Having not foreseen the speed in which I would be able to get into the container that week I was surprised that I was done cleaning as quickly as I was and long before Wednesday when I had organised for some help to line the container. This actually provided me with time to paint the floor of the container the colour I had selected. This colour matched the floor of the background that I am planning to mount on the back wall.
I had envisioned that this would be more than one coat so it was a positive thing that I was able to start early and get the first coat down. This also enabled me to see the colour on the floor and the effect it would have.
On the Tuesday I was unable to put down another coat due to the weather.
Wednesday came around quickly and this is where with the help of two photography students I was able to mount the boards to the side of my container. We used the day to cut down the hardboard to the size of the container: there were 8 pieces in total. This involved measuring 232cm (the height of the container) and then cutting with a Stanley knife. This process took quite a long time and I was entrusted to do several of these on my own which was quite physically challenging.
Due to the nature of the container walls, it was suggested by Graham that I mounted wooden batons where the boards would fall on the walls and put some pins in to keep the joints straight and neat. We cut these wooden batons to 232cm and stuck them to the wall with metal mounting glue. In order that they would stick and be efficient we left them 12 hours to dry.
Coming back the next morning I was nervous to see what had happened in the container. Had the batons stuck? Would they be on the floor when I arrived? It was safe to say I was very nervous. Fortunately none of these problems actually occurred. The outcome was positive and the batons had stuck to the walls.

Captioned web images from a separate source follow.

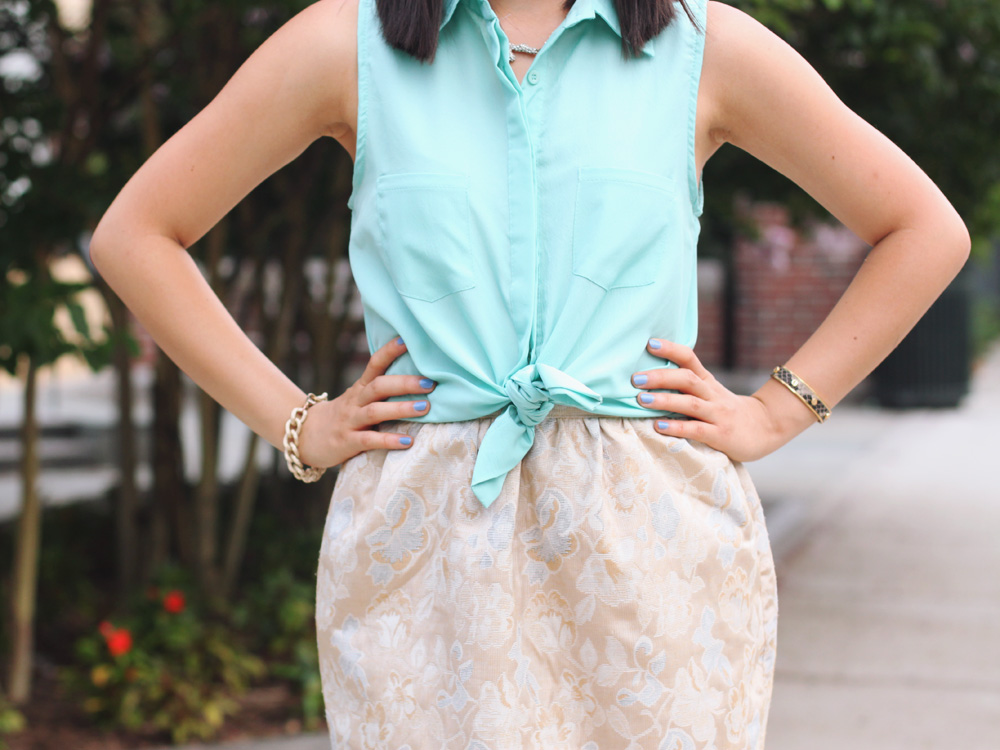 Skirt The Rules Blog; NYC fashion blogger; style blog; summer outfit photo; Tobi mint green sleeveless button up top; Forever 21 gold jacquard skirt; Sequin pave branch necklace; Brighthouse Baubles bracelet; Michael Kors white leather straw clutch; ShoeMint Elizabeth nude lace up heels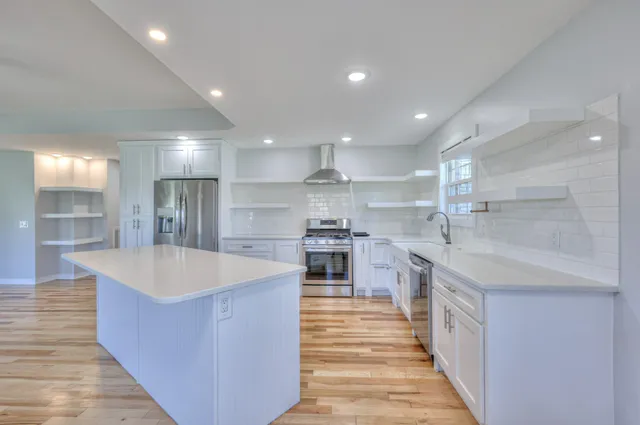 a large kitchen with stainless steel appliances kitchen island a large counter top and a sink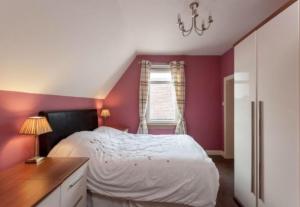1 dormitorio con cama blanca y ventana en Hillhouse Blackhall en Edimburgo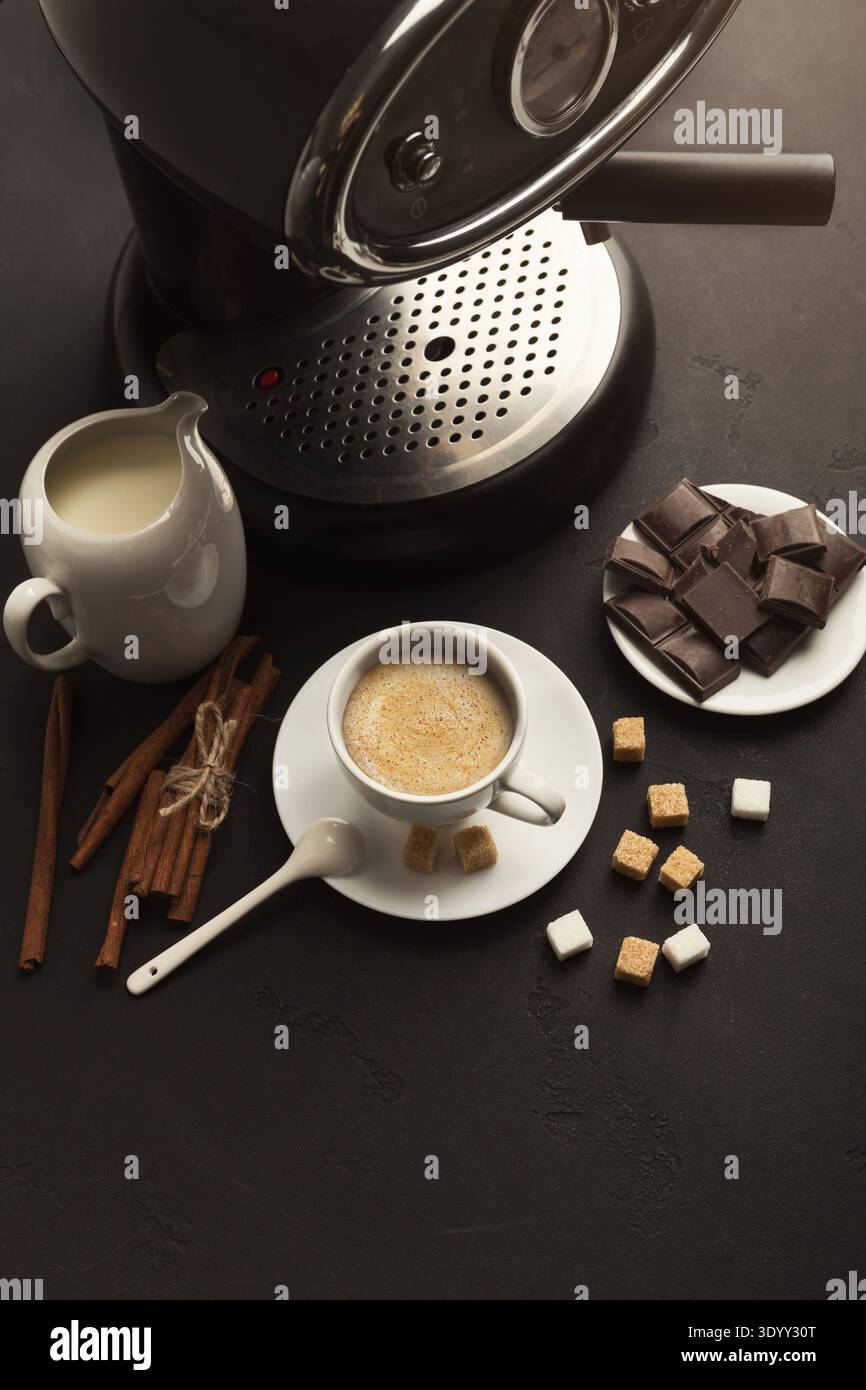 Coffee cup and sweets on black table Stock Photo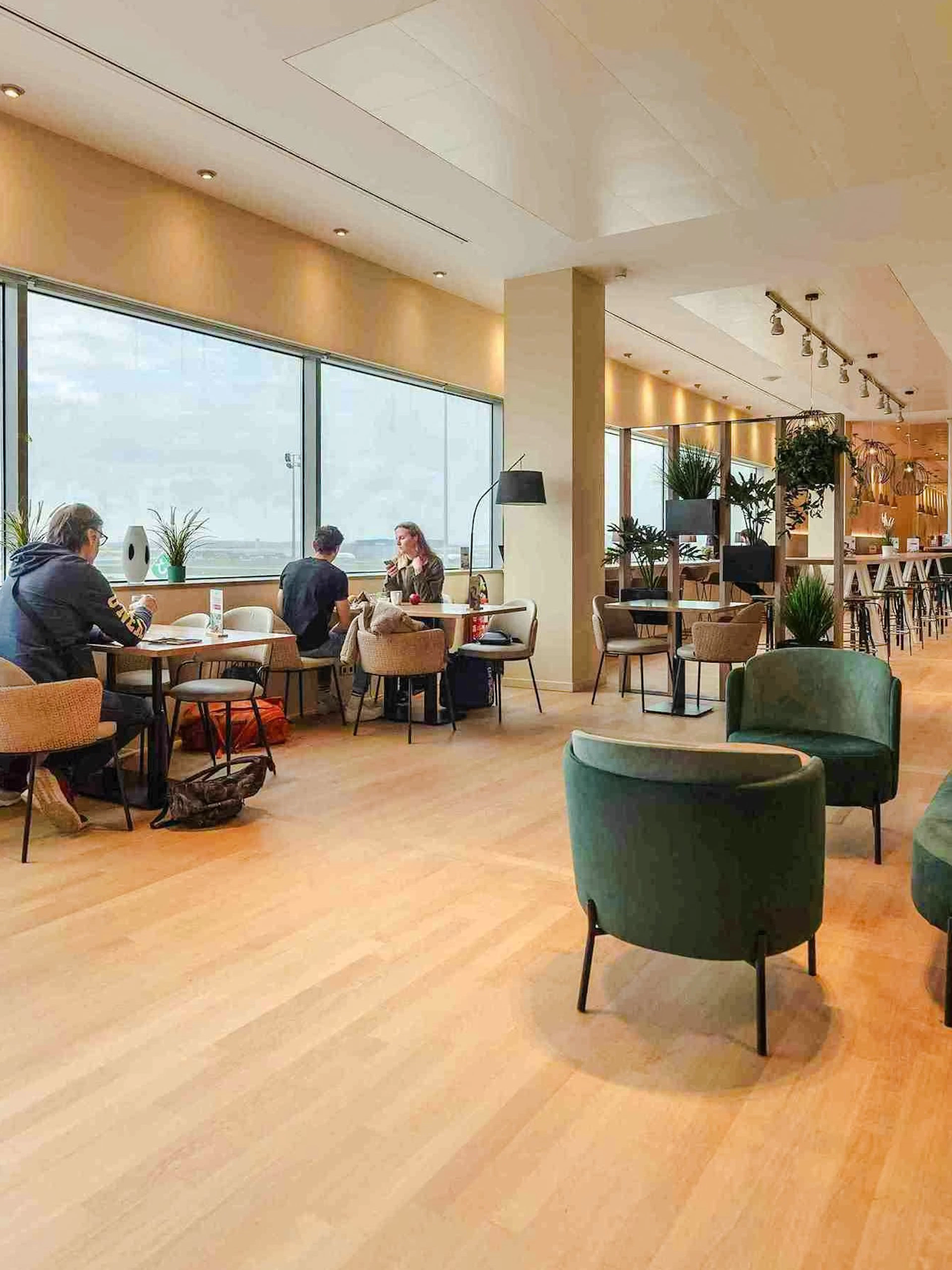 Brussels Airport Lounge interior with seating and large windows.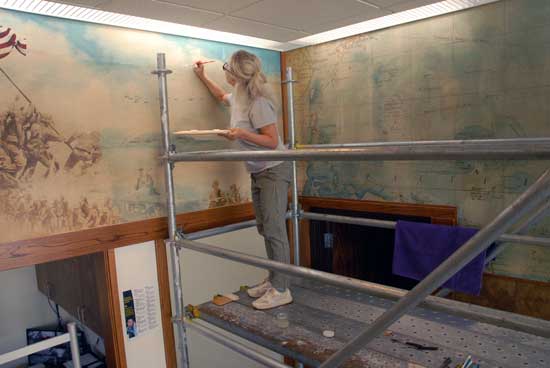 Artist at work restoring veterans memorial mural at North Clinic Building.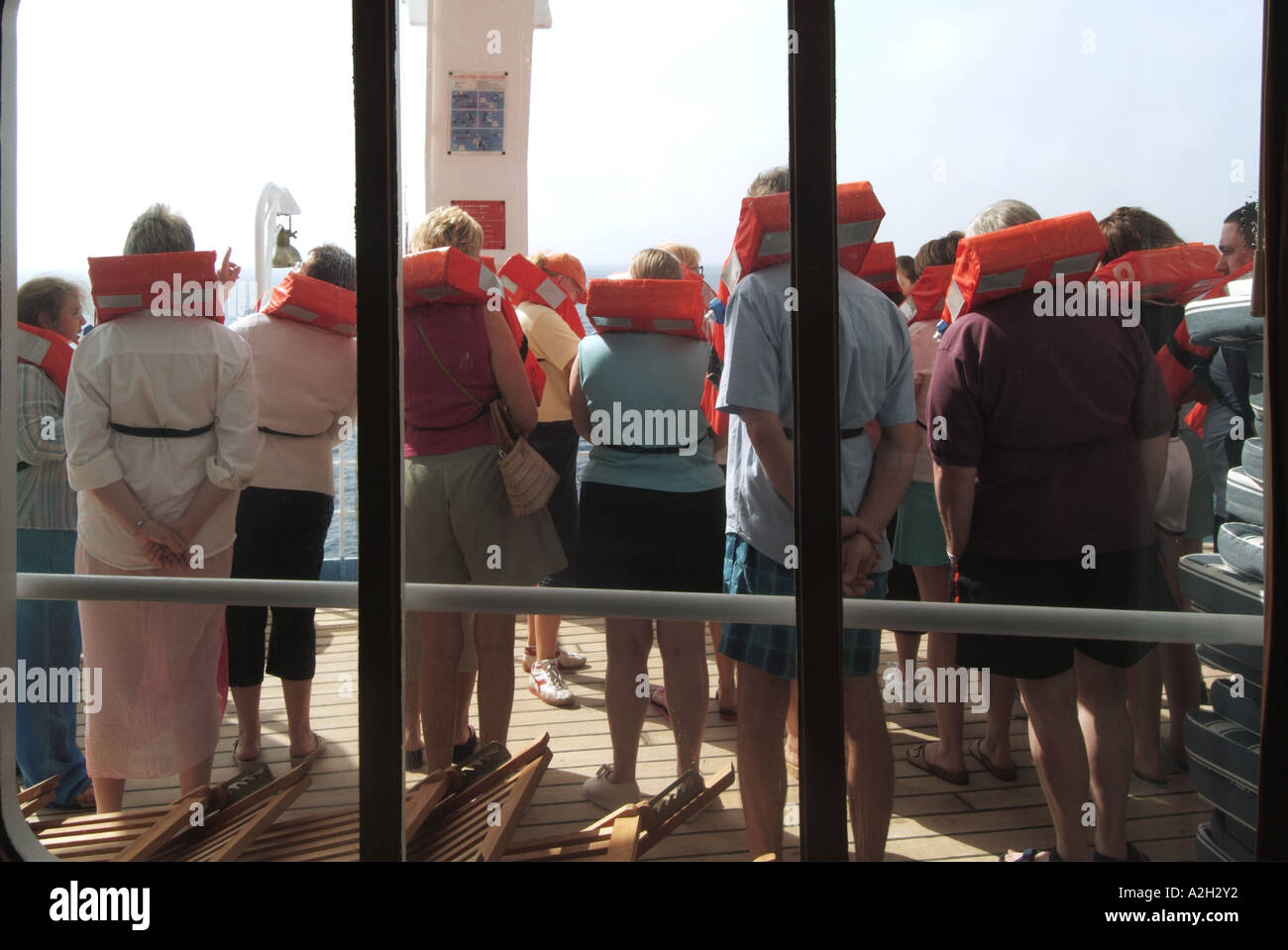 Passengers on Mediterranean cruise on board ocean liner participating in compulsory practice of evacuation procedures seen through lounge window Stock Photo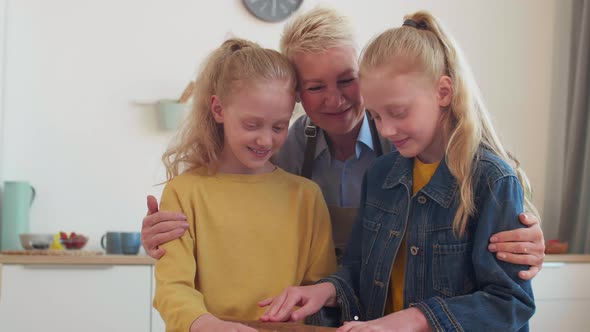 Children Kissing Grandma on Cheeks alt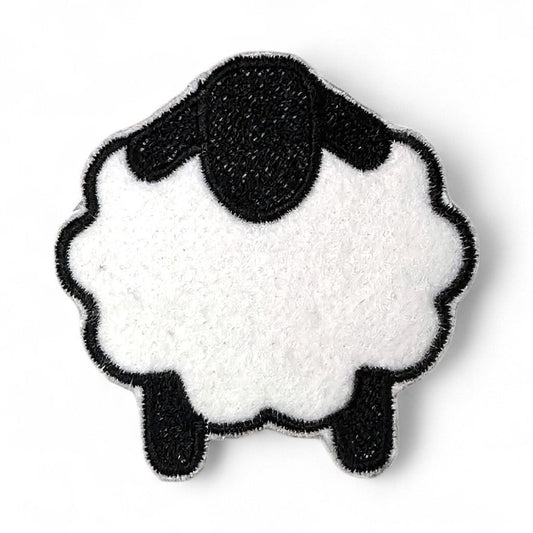 Iron-on embroidered patch of a white sheep with black head and legs.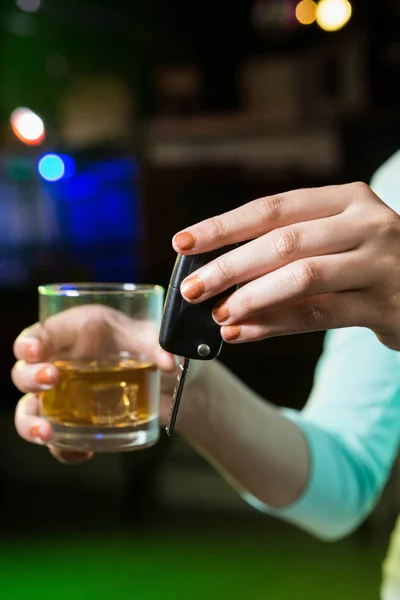 Mujer sosteniendo un vaso de whisky y llaves del coche — Foto de Stock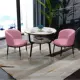 Розовый один стол и два стула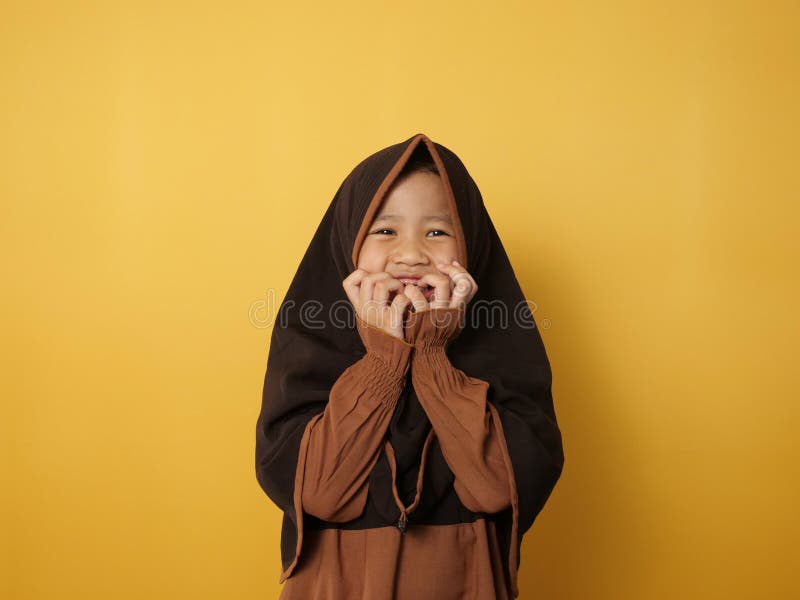 Funny cute Asian muslim little girl wearing hijab looked shocked and scared covering his mouth, against yellow royalty free stock image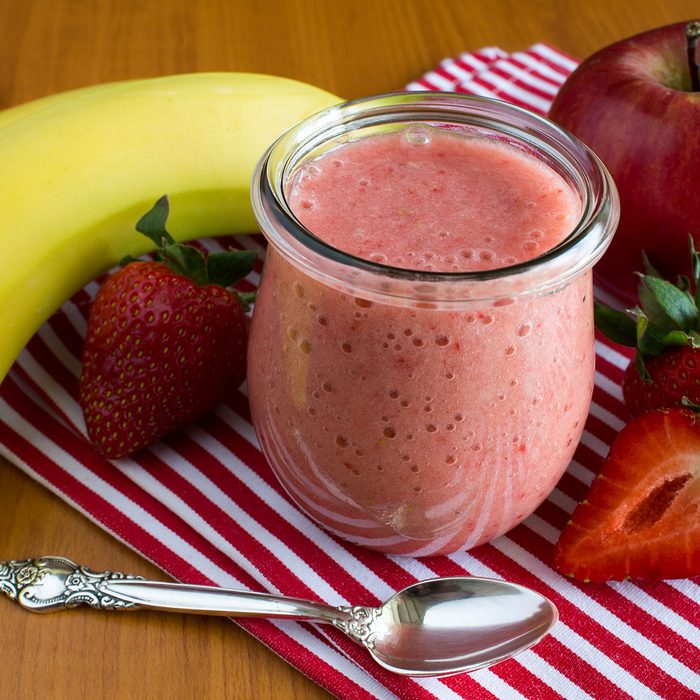 Puree with strawberry, banana and apple on the napkin on the wooden background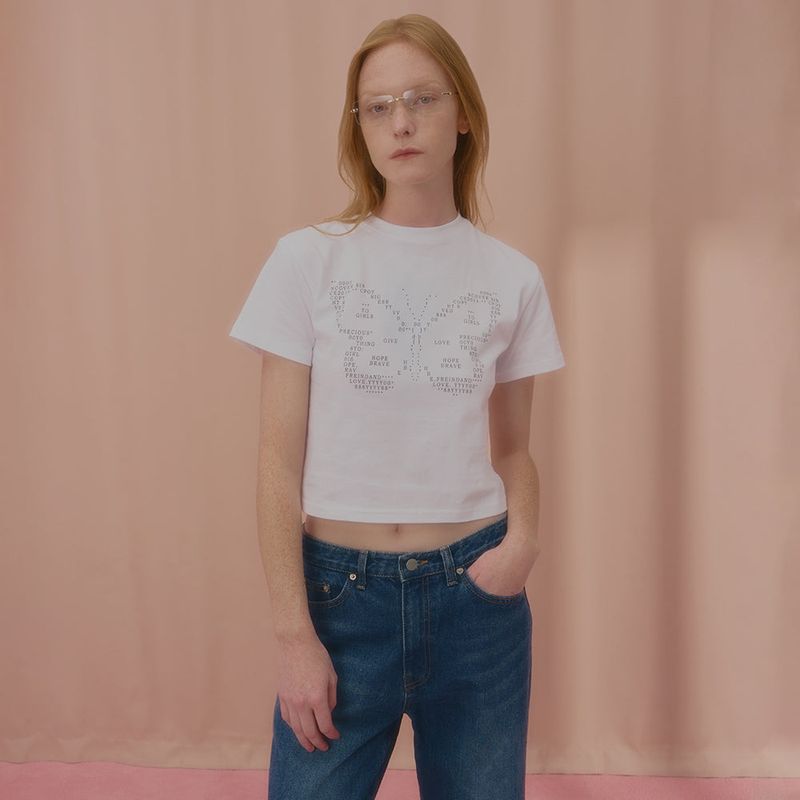NCOVER(エンカバー)の「TEXT BUTTERFLY CROP TSHIRT-WHITE(Tops)」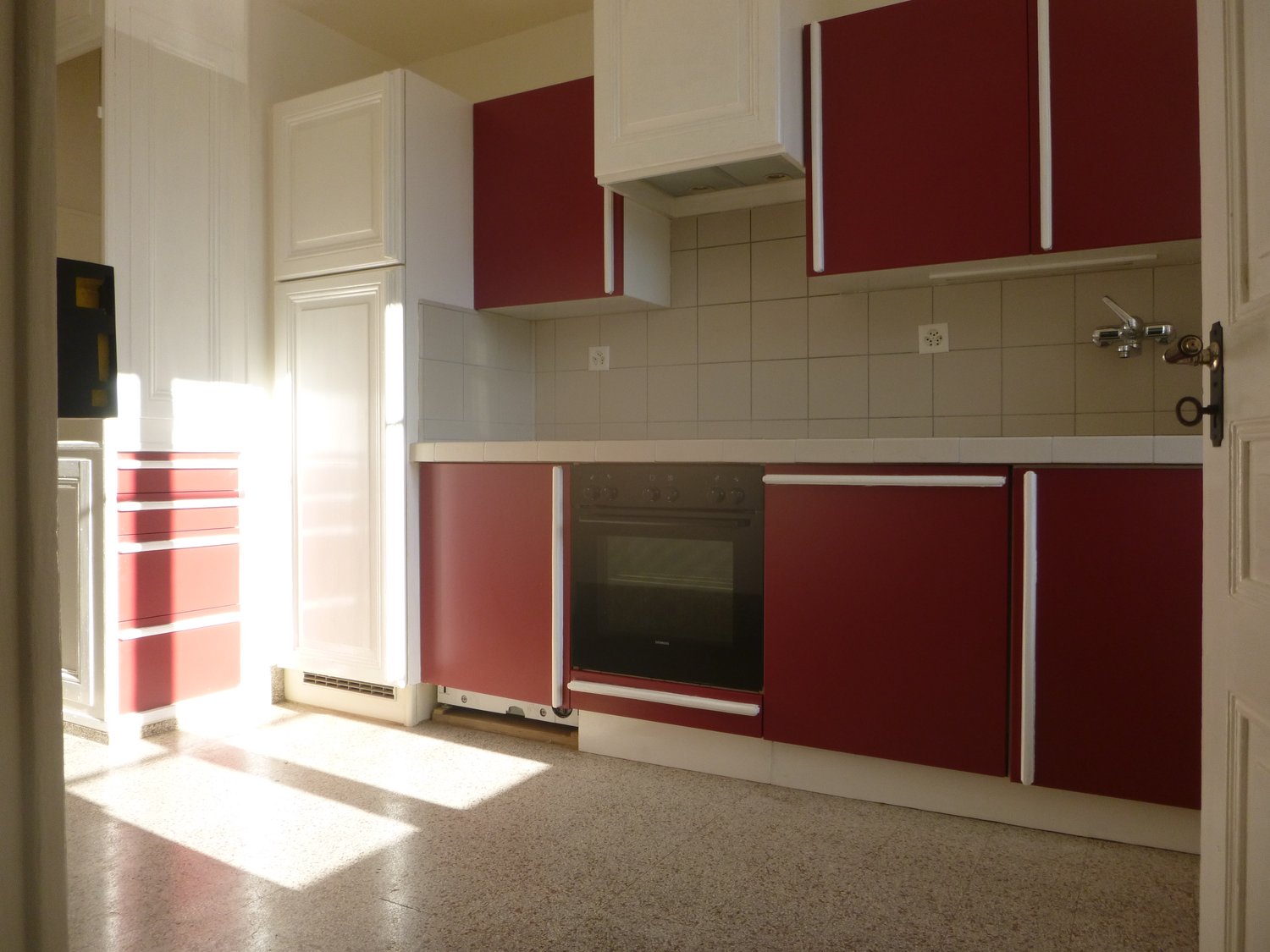 kitchen with modern red cabinets, gas oven, tiled walls, white refrigerator, extractor hood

From here the job was relatively simple. We would add glue to the container wall and stick the hardboard pinning when necessary to the wooden batons. This came with little to no issues as the board adhered to the wall with ease using the glue and the pinning was simple to do. It actually gave a smoother line between the boards than I had previously envisioned.
Once all of the hardboard sides were mounted. I was suggested to use filler between some of the boards to obtain a stronger cohesion. The sections where the boards were slightly uneven were filled and then I sanded them down to obtain the desired effect.
Due to the transportation of the boards and their thickness I had brought some cork board that acted as a support. I did not want to waste this board so I had envisioned using it for the back board. We repeated the previous method gluing the baton, waiting and then gluing the wall. However on sticking this board it ripped the baton away from the wall due to its weight. This was somewhat of a setback as I had not foreseen that this would be the case. I was quite downhearted about this and took the initiative of deciding the best way to go forward would be to use another piece hardboard for the back wall as we were confident of its success. Although I was upset that it had failed, I knew at that point I could not dwell on that fact as it would never get done.
The end of the Friday saw us mount another baton and prepare the wall for Monday when we would mount the cut hardboard. I also finished by adding another coat to the floor and obtaining the knowledge another coat may be needed.